Rising number of foreign objects found in patients after surgery in England | Health

Rising number of foreign objects found in patients after surgery in England | Health

An increasing number of medical foreign objects, including wire cutters, scalpel blades and drill bits, have been left inside hospital patients after surgery in Englandreveal new numbers.

Errors involving a “foreign object accidentally left in the body during surgical and medical care” led to 291 “terminated consultant episodes” in 2021-2022, official data shows.

The National Health Service The digital data does not clarify when or where the patient’s initial operation was performed, or whether it was in the NHS or in a private hospital. Sometimes such medical errors are not discovered until weeks, months, or years after the event.

The PA Mean analysis found that 291 cases was the highest annual total recorded in more than 20 years. It comes as the NHS is facing intense pressure and seeing more patients than ever before.

Last year’s all-time high was more than double the lowest total in the past two decades, when doctors recorded 138 episodes in 2003-2004. There were 156 foreign object cases in 2001-2002.

Items left inside patients included swabs, gauze and even surgical devices, including drill bits. Last year, the average age of patients with something inside them after surgery was 57. The errors affected a wide age range, from infants to patients over 90 years of age.

Strict procedures are in place in hospitals to avoid such errors, including checklists and repeated counting of surgical tools. Leaving an object inside a patient after surgery is classified as a “never event” by the NHS, meaning the incident is so serious that it should never have happened.

Rachel Power, CEO of the Patient Association, said: “Events are never called events because they are serious incidents that are completely preventable because the hospital or clinic has systems in place to prevent them from happening.

“The serious physical and psychological effects they cause can stay with a patient for the rest of their life, and that should never happen to anyone seeking treatment on the NHS.

“While we fully appreciate the crisis facing the NHS, never events simply should not happen if preventative measures are put in place.”

A 49-year-old woman from east London said she had “lost hope” after part of a surgical scalpel was left inside her after an operation to remove her ovaries in 2016.

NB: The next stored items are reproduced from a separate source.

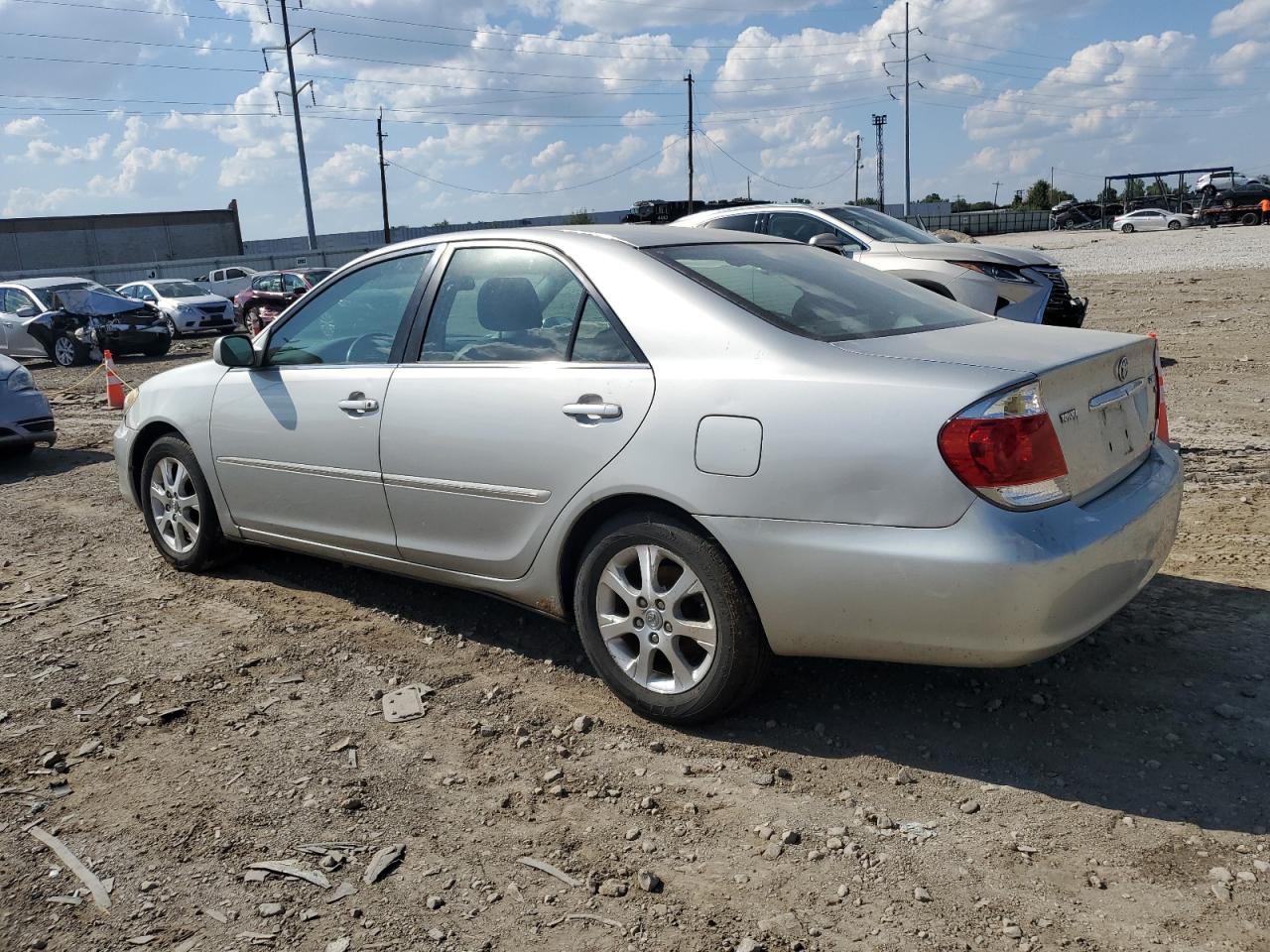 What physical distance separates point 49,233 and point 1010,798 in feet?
240

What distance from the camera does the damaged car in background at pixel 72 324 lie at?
19312mm

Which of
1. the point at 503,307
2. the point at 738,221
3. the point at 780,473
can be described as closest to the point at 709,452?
the point at 780,473

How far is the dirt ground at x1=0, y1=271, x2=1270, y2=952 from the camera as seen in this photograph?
2.67 m

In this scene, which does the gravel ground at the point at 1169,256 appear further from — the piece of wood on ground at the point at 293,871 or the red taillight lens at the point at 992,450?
the piece of wood on ground at the point at 293,871

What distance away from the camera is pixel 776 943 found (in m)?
2.55

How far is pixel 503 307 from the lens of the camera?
164 inches

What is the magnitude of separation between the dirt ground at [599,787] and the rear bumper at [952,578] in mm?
443

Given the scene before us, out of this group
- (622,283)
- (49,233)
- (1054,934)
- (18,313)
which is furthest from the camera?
(49,233)

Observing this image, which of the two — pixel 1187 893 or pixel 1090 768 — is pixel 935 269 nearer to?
pixel 1090 768

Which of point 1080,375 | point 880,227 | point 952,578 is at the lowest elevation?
point 952,578

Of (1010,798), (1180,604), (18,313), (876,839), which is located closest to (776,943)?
(876,839)

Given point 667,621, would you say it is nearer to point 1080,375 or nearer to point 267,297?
point 1080,375

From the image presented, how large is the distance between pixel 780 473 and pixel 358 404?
1985mm

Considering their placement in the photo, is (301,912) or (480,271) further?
(480,271) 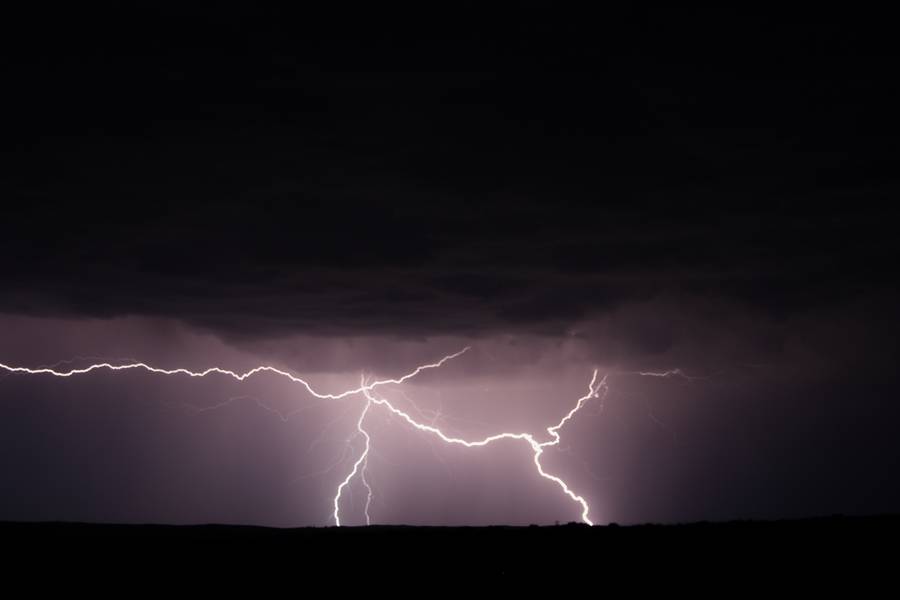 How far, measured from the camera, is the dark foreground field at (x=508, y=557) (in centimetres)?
710

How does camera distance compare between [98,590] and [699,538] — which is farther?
[699,538]

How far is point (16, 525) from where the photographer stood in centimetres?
1062

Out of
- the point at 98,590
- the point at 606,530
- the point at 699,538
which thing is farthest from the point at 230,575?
the point at 699,538

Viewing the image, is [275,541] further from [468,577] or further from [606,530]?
[606,530]

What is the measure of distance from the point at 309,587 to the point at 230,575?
93 centimetres

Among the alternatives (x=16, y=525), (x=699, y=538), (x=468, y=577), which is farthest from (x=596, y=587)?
(x=16, y=525)

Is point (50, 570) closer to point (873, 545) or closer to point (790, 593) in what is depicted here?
point (790, 593)

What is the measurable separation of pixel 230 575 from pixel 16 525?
4.72m

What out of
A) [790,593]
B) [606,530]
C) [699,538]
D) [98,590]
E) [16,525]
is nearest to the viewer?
[790,593]

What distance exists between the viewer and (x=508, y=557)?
8008mm

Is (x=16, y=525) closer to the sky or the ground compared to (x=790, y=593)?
closer to the sky

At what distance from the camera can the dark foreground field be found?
7.10m

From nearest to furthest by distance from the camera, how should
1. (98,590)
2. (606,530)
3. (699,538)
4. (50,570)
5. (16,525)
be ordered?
(98,590) → (50,570) → (699,538) → (606,530) → (16,525)

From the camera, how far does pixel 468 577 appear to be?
7336 millimetres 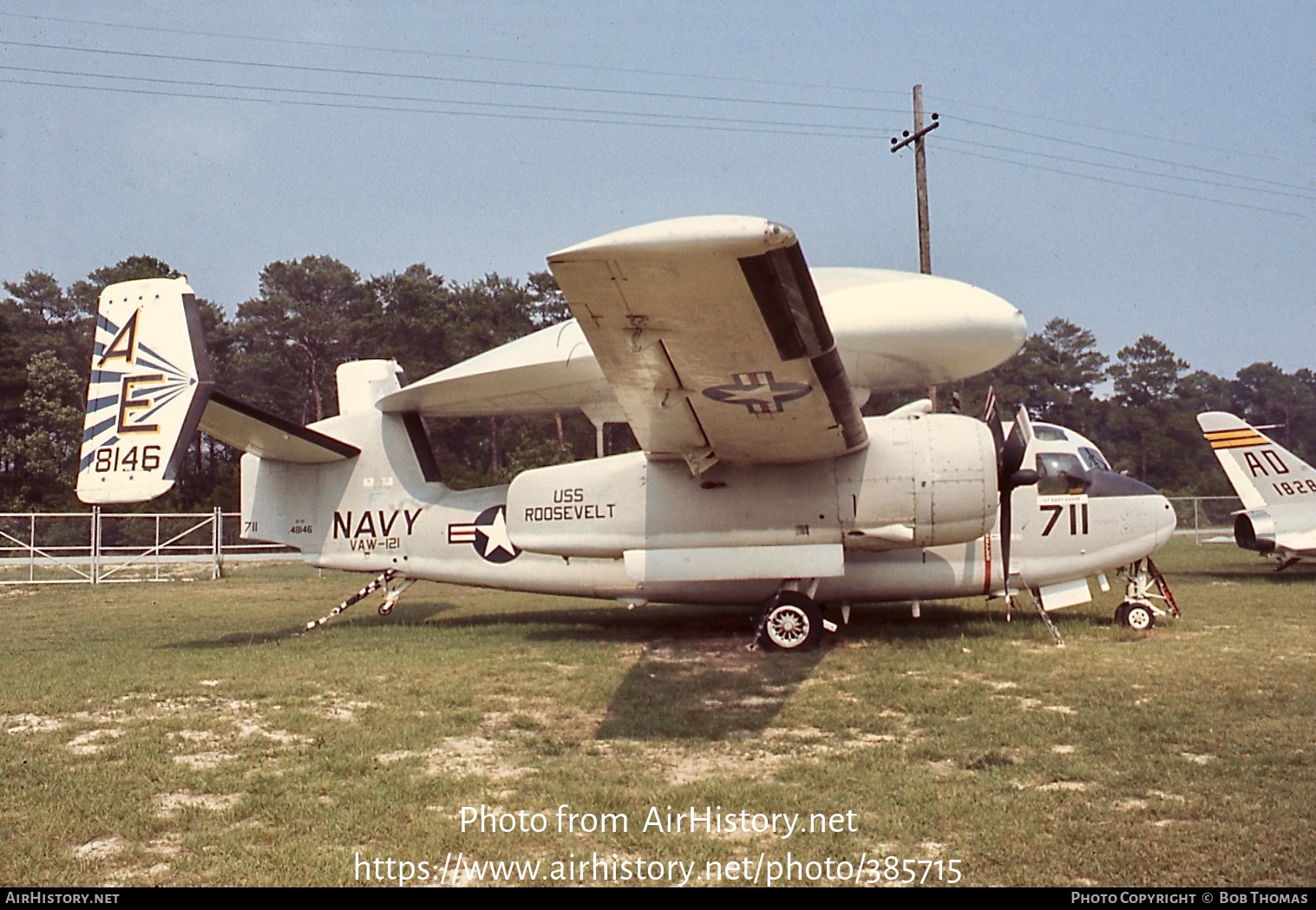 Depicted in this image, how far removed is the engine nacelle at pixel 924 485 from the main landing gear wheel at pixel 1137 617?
264cm

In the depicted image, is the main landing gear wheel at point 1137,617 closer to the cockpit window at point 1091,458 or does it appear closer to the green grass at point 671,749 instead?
the green grass at point 671,749

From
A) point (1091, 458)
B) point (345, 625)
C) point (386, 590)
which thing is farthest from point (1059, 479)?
point (345, 625)

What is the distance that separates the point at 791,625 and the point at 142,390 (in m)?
7.27

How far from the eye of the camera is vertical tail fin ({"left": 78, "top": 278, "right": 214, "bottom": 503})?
347 inches

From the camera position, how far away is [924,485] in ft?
30.9

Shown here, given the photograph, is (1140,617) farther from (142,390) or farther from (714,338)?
(142,390)

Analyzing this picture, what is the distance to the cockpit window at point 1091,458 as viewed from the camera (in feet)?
38.4

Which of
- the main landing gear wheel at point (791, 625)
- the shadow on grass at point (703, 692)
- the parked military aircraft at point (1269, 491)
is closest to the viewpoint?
the shadow on grass at point (703, 692)

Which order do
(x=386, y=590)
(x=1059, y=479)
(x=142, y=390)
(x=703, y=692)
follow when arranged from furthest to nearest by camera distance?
(x=386, y=590) < (x=1059, y=479) < (x=142, y=390) < (x=703, y=692)

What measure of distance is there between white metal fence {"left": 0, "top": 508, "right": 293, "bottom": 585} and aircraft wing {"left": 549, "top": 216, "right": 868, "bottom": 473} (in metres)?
19.9

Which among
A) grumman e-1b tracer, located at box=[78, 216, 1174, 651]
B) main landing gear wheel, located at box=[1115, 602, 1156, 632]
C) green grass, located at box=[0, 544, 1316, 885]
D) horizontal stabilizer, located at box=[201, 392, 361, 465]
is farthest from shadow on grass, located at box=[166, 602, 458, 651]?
main landing gear wheel, located at box=[1115, 602, 1156, 632]

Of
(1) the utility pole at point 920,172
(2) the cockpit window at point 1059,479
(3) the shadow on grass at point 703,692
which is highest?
(1) the utility pole at point 920,172

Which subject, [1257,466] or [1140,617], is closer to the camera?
[1140,617]

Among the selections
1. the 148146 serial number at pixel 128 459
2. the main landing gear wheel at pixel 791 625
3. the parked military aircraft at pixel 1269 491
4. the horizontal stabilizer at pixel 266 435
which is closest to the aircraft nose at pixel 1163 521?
the main landing gear wheel at pixel 791 625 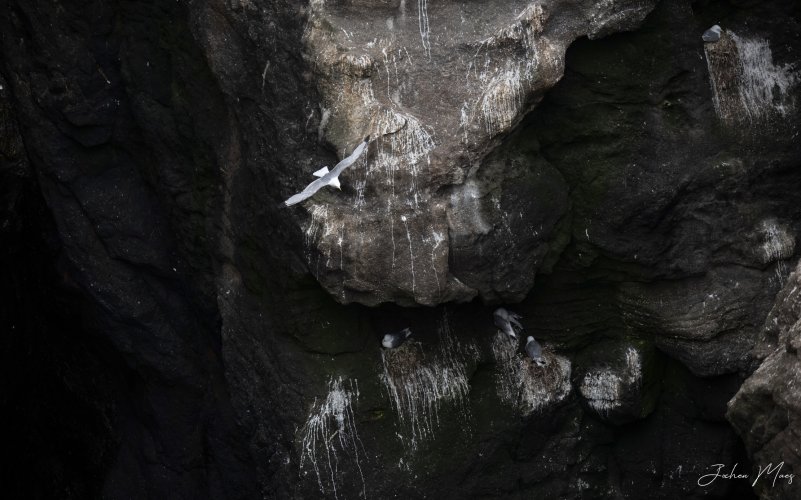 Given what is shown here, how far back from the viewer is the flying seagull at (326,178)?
15.5 feet

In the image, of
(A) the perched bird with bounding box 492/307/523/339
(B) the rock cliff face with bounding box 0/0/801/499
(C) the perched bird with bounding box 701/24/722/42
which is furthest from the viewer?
(A) the perched bird with bounding box 492/307/523/339

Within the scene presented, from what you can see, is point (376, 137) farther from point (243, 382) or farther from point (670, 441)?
point (670, 441)

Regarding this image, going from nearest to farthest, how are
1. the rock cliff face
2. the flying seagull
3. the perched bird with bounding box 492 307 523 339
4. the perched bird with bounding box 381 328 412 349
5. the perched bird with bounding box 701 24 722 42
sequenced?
the flying seagull < the rock cliff face < the perched bird with bounding box 701 24 722 42 < the perched bird with bounding box 381 328 412 349 < the perched bird with bounding box 492 307 523 339

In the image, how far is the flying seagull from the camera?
4.72 meters

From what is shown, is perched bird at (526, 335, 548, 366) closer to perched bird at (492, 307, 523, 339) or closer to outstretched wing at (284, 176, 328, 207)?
perched bird at (492, 307, 523, 339)

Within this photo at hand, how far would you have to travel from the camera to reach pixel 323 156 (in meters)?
4.99

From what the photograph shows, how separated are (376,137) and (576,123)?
4.04 ft

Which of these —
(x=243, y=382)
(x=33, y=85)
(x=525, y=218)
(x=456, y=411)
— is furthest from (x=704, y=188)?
(x=33, y=85)

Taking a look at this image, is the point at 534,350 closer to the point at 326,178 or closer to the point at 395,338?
the point at 395,338

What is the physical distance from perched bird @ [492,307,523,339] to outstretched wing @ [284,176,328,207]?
1530mm

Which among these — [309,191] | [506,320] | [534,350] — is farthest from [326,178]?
[534,350]

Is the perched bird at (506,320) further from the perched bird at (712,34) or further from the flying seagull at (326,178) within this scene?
the perched bird at (712,34)

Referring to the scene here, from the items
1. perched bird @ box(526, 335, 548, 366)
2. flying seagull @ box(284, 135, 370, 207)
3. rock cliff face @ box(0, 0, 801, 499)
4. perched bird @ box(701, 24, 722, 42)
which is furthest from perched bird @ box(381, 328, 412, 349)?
perched bird @ box(701, 24, 722, 42)

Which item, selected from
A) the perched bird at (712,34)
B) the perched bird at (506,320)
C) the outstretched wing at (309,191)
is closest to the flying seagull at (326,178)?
the outstretched wing at (309,191) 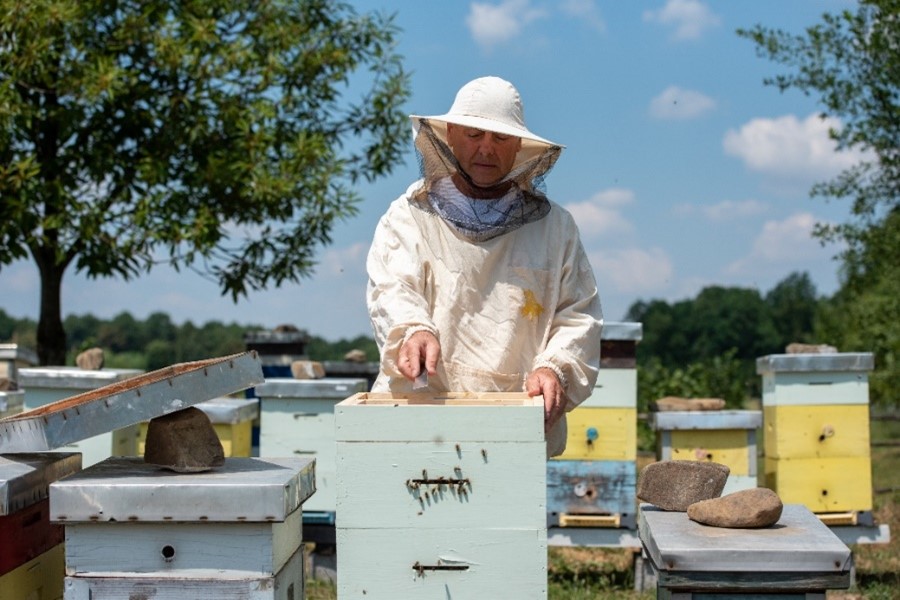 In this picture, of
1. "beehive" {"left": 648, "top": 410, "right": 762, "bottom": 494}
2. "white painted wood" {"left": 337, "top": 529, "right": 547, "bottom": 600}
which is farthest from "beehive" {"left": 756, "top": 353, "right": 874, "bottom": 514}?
"white painted wood" {"left": 337, "top": 529, "right": 547, "bottom": 600}

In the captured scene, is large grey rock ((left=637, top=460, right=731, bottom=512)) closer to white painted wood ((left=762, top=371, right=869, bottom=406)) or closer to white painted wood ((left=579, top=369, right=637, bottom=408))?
white painted wood ((left=579, top=369, right=637, bottom=408))

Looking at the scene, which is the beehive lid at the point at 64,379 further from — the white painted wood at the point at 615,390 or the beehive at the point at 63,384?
the white painted wood at the point at 615,390

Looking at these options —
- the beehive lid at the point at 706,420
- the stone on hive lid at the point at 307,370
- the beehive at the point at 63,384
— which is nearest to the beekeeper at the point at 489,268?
the beehive at the point at 63,384

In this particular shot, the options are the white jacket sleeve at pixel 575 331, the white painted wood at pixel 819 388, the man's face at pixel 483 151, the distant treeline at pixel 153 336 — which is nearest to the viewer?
the white jacket sleeve at pixel 575 331

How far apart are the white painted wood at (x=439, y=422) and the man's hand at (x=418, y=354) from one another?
207mm

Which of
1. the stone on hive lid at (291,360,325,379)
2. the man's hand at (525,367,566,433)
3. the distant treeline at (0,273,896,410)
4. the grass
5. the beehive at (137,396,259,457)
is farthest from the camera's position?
the distant treeline at (0,273,896,410)

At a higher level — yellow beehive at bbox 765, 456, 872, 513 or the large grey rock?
the large grey rock

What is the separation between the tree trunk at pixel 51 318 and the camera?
321 inches

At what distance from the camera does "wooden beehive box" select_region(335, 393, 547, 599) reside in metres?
2.25

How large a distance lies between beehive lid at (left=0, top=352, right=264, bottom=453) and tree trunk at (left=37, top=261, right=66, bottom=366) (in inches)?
233

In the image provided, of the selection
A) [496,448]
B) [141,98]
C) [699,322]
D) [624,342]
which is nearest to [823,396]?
[624,342]

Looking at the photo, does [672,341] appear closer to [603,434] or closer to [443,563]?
[603,434]

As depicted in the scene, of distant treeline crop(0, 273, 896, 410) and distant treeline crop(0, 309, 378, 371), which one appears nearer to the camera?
distant treeline crop(0, 273, 896, 410)

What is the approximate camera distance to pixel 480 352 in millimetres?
2795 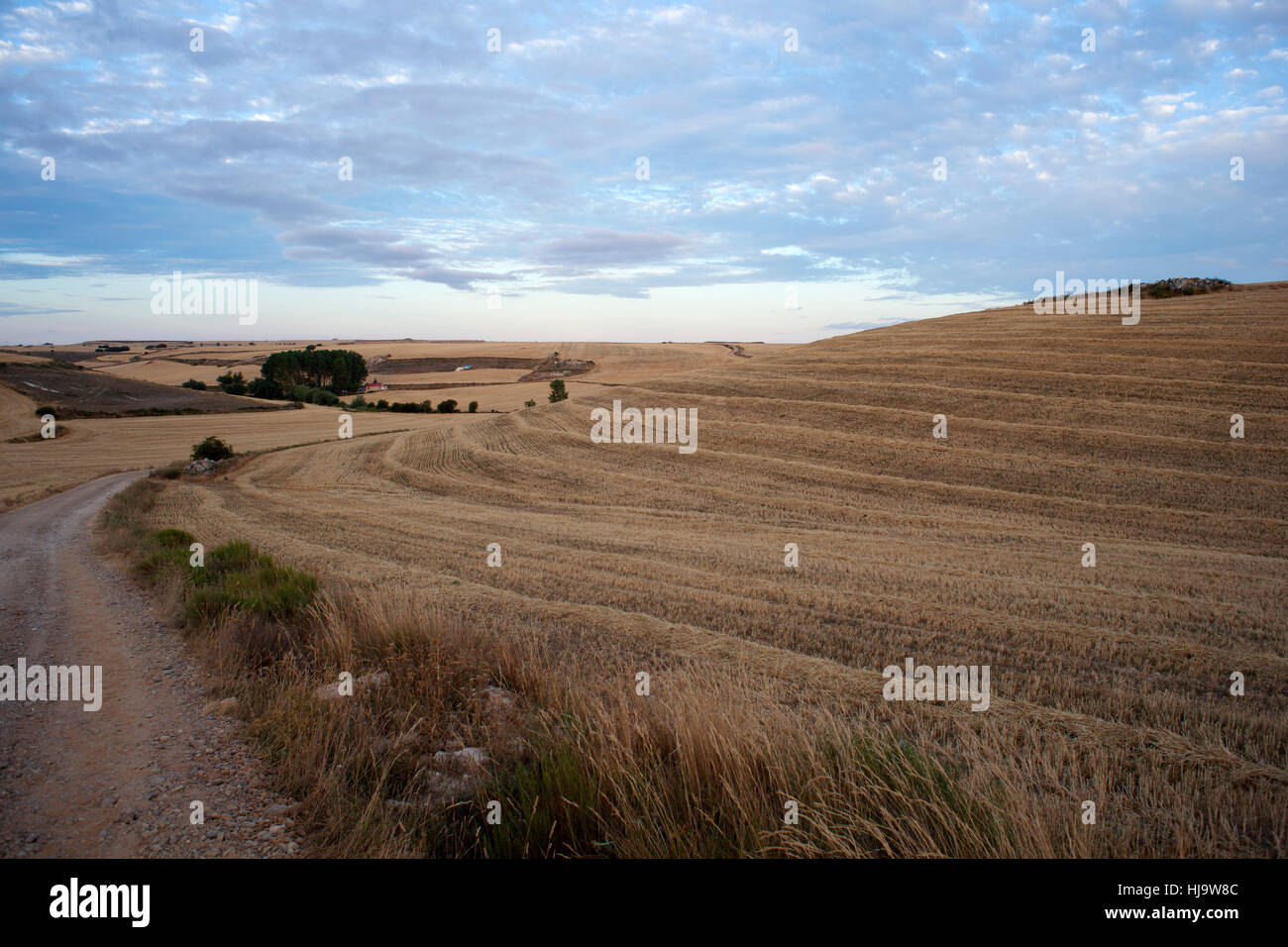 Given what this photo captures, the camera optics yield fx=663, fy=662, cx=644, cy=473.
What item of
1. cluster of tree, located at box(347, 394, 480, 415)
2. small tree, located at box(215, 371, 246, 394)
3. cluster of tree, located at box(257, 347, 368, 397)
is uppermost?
cluster of tree, located at box(257, 347, 368, 397)

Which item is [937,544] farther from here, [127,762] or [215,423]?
[215,423]

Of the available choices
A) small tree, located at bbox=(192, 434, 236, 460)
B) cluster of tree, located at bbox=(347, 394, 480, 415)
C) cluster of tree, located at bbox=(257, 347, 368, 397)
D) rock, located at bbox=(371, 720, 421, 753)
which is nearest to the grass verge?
rock, located at bbox=(371, 720, 421, 753)

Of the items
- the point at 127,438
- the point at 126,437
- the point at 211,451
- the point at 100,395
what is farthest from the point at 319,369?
the point at 211,451

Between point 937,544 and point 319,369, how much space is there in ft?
336

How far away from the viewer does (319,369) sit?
3949 inches

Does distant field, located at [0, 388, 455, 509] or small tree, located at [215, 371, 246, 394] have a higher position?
small tree, located at [215, 371, 246, 394]

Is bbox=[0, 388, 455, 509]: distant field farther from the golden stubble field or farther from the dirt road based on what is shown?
the dirt road

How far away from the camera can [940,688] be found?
7.49 m

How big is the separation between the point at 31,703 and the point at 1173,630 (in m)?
13.9

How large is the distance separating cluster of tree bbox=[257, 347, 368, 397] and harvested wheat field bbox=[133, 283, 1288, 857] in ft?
198

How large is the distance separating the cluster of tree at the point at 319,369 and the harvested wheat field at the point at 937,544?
60382mm

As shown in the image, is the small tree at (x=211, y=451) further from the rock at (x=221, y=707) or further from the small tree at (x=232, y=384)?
the small tree at (x=232, y=384)

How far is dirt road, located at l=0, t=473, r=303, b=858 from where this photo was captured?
3.96 m
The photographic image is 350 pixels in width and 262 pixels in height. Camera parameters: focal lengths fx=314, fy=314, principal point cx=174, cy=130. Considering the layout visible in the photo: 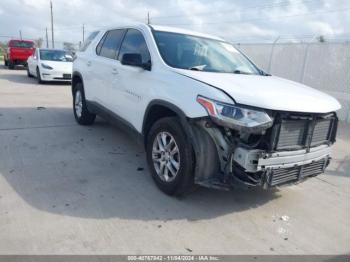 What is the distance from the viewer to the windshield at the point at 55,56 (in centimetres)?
1358

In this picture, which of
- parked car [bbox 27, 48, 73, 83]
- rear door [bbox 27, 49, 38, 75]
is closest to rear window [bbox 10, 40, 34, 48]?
rear door [bbox 27, 49, 38, 75]

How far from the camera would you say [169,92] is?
135 inches

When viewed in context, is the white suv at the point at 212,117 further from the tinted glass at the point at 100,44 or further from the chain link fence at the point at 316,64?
the chain link fence at the point at 316,64

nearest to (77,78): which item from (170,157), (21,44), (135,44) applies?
(135,44)

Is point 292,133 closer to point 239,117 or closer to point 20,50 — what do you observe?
point 239,117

“When I woke up, I felt something in my belly,” she said. “The knife they used to cut me broke and they left part of it in my belly.”

It was left inside her for five days, leading to an additional two-week hospital stay.

Emmalene Bushnell and Kriya Hurley, of the Leigh Day law firm, which represented the woman, said: “Unfortunately, we continue to see cases of objects being retained after surgery, resulting in patients being readmitted to hospital, undergoing to a second surgery, suffer sepsis or infection, or experience a fistula or intestinal obstruction, visceral perforation, and psychological harm.

An NHS spokesperson said: “Thanks to the hard work of NHS staff, incidents like these are rare.

“However, when they do happen, the NHS is committed to learning from them to improve care for future patients.”